En los últimos años, el término inclusión financiera ha ganado protagonismo en las agendas de gobiernos, bancos centrales y organismos internacionales. El Banco Mundial la define como el acceso de personas y empresas a productos y servicios financieros útiles y asequibles, tales como cuentas de ahorro, créditos, seguros y medios de pago, siempre prestados de manera responsable y sostenible. Esta definición, aunque precisa, deja abierta una pregunta fundamental: ¿qué significa realmente estar incluido financieramente?
Con frecuencia, la discusión se reduce a una idea simplificada: si una persona tiene una cuenta bancaria, ya es parte del sistema financiero formal y, por lo tanto, ha sido “incluida”. Sin embargo, este enfoque es limitado. Tener acceso a un producto no garantiza que se comprenda su funcionamiento, que se utilice de manera provechosa o que efectivamente contribuya a mejorar la vida de las personas. La inclusión financiera va mucho más allá del acceso; implica también educación, acompañamiento y pertinencia.
La diferencia es clara si pensamos en el crédito. Endeudarse puede ser una herramienta para financiar proyectos productivos, educación o vivienda. Pero también puede convertirse en una trampa si no se entiende el costo real de un préstamo, los intereses acumulados o las consecuencias de un atraso en el pago. De poco sirve que millones de personas abran cuentas o reciban tarjetas si no saben administrar esos recursos, si terminan sobreendeudados o si los productos ofrecidos no se ajustan a su realidad económica. En ese sentido, una inclusión financiera sin educación financiera es plana y vacía.
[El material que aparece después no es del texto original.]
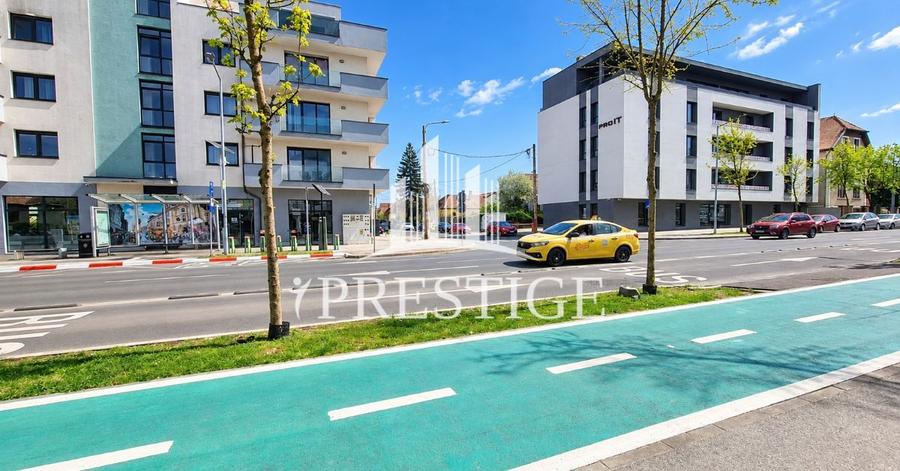 SPAȚIU COMERCIAL DE ÎNCHIRIAT SIBIU |CALEA DUMBRĂVII | 95 MP | PARCARE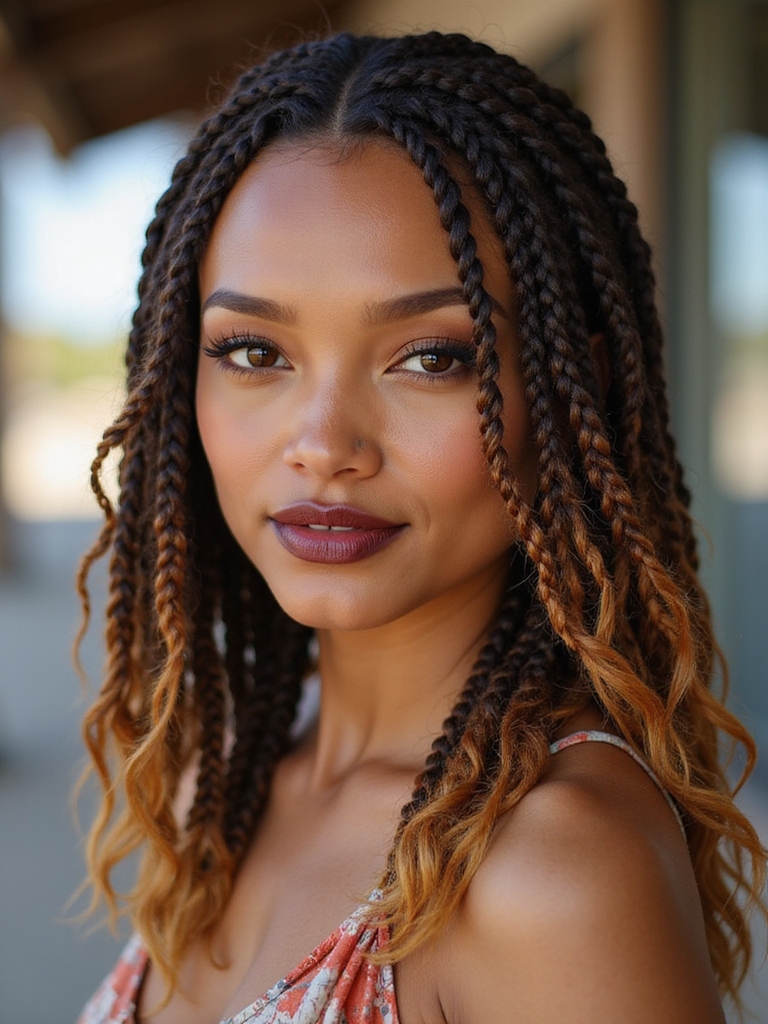 boho braids summer care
Este punto cobra especial relevancia en países como Colombia, donde la población es diversa y enfrenta realidades muy distintas. No es lo mismo diseñar una estrategia de educación financiera para una madre soltera en una ciudad intermedia, que para un campesino que vive en una zona rural, un joven que apenas comienza su vida laboral, un adulto mayor con ingresos limitados o una persona con discapacidad que enfrenta barreras de acceso adicionales. Cada grupo social requiere un acompañamiento específico, adaptado a sus necesidades y condiciones de vida.
La inclusión financiera, entendida de forma integral, demanda conmiseración. Es decir, la capacidad de ponerse en el lugar del otro y reconocer que no todas las personas parten del mismo punto. Una política pública que se limite a aumentar la cantidad de cuentas bancarias abiertas puede ser funcional para engrosar las cifras del sistema financiero, pero no necesariamente para mejorar la vida de los ciudadanos. En cambio, una estrategia que combine acceso con educación focalizada y sensible a las diferencias sociales puede ser una herramienta poderosa de desarrollo.
Esto implica, por ejemplo, enseñar a una madre cabeza de hogar a usar el ahorro programado para garantizar la educación de sus hijos; ayudar a un campesino a comprender cómo funcionan los seguros agrícolas y cómo protegerse frente a los riesgos climáticos; orientar a los jóvenes en el uso del crédito educativo sin comprometer su futuro financiero; o acompañar a los adultos mayores en la gestión segura de sus pensiones para evitar fraudes y estafas. Estos ejemplos muestran que la inclusión financiera no es una receta única, sino un proceso que debe adaptarse a las particularidades de cada comunidad.
En síntesis, hablar de inclusión financiera es hablar de más que acceso. Es reconocer que el sistema financiero solo cumple su función social cuando ayuda a las personas a tomar decisiones informadas, a protegerse de riesgos y a construir proyectos de vida sostenibles. Esto exige voluntad política, compromiso de las entidades financieras y, sobre todo, una visión centrada en el bienestar de la gente.
La verdadera inclusión financiera no se mide en números de cuentas abiertas, sino en historias de vidas mejoradas.